Payments / Financial — Designed in Stages
You don’t need to design for scale on day one.
Define what you need—accounts, transactions, strong consistency, audit trail, and exactly-once semantics—then build the simplest thing that works and evolve as volume and compliance requirements grow.
Here we use a payments or financial system as the running example: accounts, ledger entries, transactions, and idempotency. The same staged thinking applies to billing, wallets, or any system where money movement and auditability are non-negotiable.
Requirements and Constraints (no architecture yet)
Section titled “Requirements and Constraints (no architecture yet)”Functional Requirements
- Account — balance or position; debit/credit operations.
- Transaction — a logical unit of work (e.g. transfer from A to B, payment, refund); must complete exactly once and be auditable.
- Ledger entries — immutable record of each debit and credit; double-entry or single-entry as required.

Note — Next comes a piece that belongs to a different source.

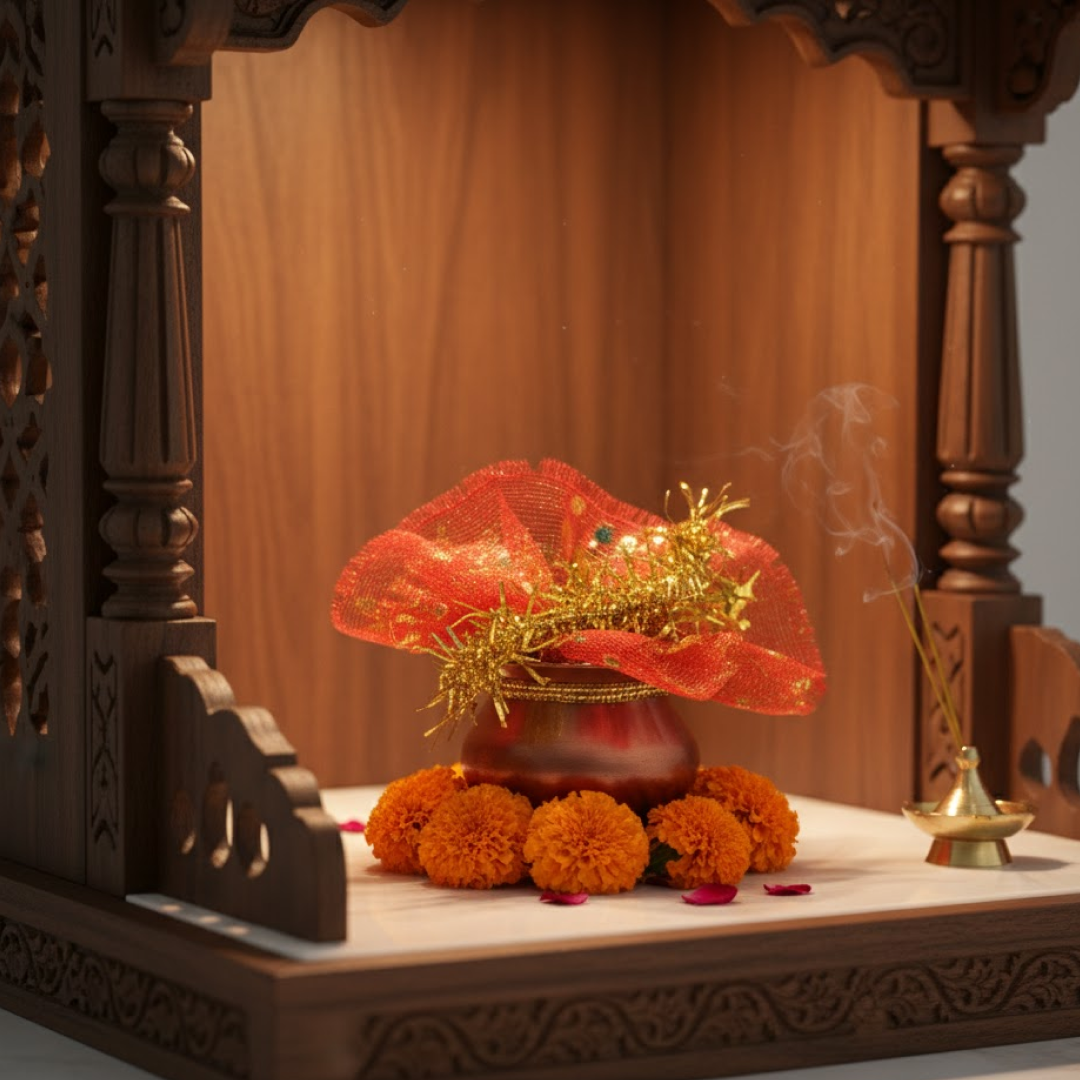 vastu Kalash Pooja Decorative Copper-Style Kalash - (1 set)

- Idempotency — client can retry with the same idempotency key; server deduplicates and returns the same outcome (no double debit/credit).
Quality Requirements
- Strong consistency — balance and ledger must be consistent; no phantom reads or lost updates on the critical path.
- Audit — every financial event must be traceable; append-only or immutable ledger; who, what, when.

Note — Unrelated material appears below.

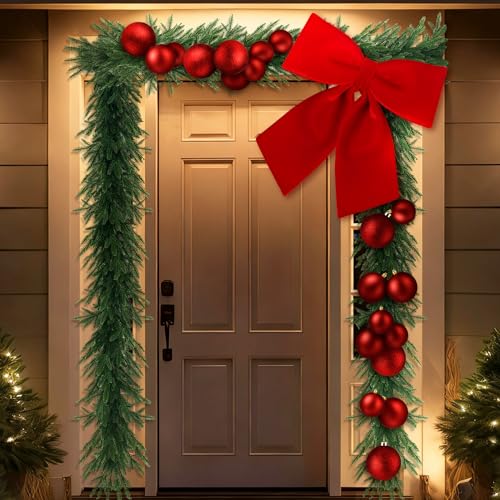 Christmas Outdoor Garland with Jumbo Velvet Bow, 24 Inch Festive Decor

- Exactly-once — each logical transaction is applied once despite retries, failures, or duplicate requests (idempotency keys and transactional boundaries).
- Compliance — PCI (if handling card data), regulatory reporting, retention; scope depends on product.
Key Entities
- Account — identifier, balance or position, tenant/customer.
- Transaction — idempotency key, type (transfer, payment, etc.), source/target accounts, amount, status, timestamp.
- Ledger entries — account, amount (debit/credit), transaction id, timestamp; immutable.
- Idempotency key — client-provided key; stored with outcome so repeat requests return same result.
Primary Use Cases and Access Patterns
- Debit/credit or transfer — write path; must be atomic, idempotent, and written to ledger.
- Get balance or statement — read path; must reflect committed state; may be cached with care (eventual consistency often unacceptable for balance).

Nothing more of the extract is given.